The news that Sweden will not be seeking extradition comes as Assange and his reporters received another encouraging sign, Assange said to be not facing charges in connection the 2017 publication of information that relates to the hacking capability of the CIA.

Despite the positive outcome in Sweden, there is still great worry amongst supporters and human rights activists as to the condition of Assange, with reports indicating he is “gravely ill” in the hospital wing of Belmarsh hospital.

Assange’s Swedish lawyer Per E. Samuelson stated that “Assange is in such a bad shape that it is not possible to conduct a normal conversation with him”.
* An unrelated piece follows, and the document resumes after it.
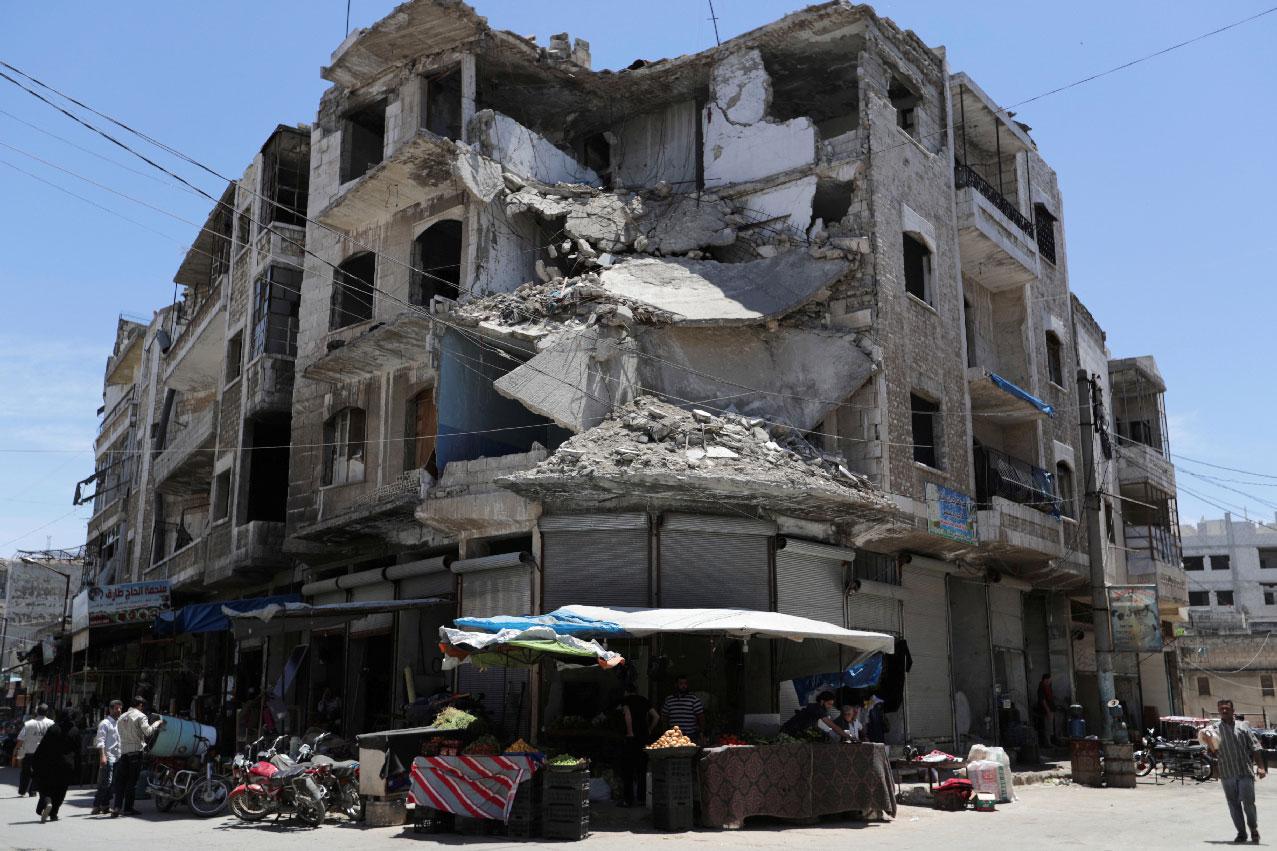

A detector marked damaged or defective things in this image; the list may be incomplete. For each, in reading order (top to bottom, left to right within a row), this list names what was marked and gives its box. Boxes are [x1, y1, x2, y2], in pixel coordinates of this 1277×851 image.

Samuelson met with Assange for just under two hours this past Friday at Belmarsh ahead of today’s hearing in Sweden, Assange being unable to engage in effective communication. Due to the condition of his client, Samuelson had requested a postponement to the extradition hearing which was denied.

The United Nations Working Group on Arbitrary Detention has already declared that Assange’s sentence for breaching his bail conditions in the United Kingdom is “disproportionate” and stated that they are “concerned” over the situation, stating that they are concerned that his “treatment appears to contravene the principles of necessity and proportionality envisaged by human rights standards.”

Nils Melzer, the UN Special Rapporteur on Torture, has also said that the treatment that the Wikileaks founder is suffering amounts to “the effects of psychological torture” and that Assange has “no chance to get a fair trial” in the United States, adding that the U.S. regime wants “to get their hands” on him “to conduct a show trial” as a warning to all others who challenge the U.S.

Julian Assange must now prepare his defence against extradition to the United States despite being confined to a hospital bed. He is currently facing a whole life sentence should he be extradited to U.S. soil, having been accused of breaching the Espionage Act with each of the new 17 listed charges carrying a potential ten-year jail term.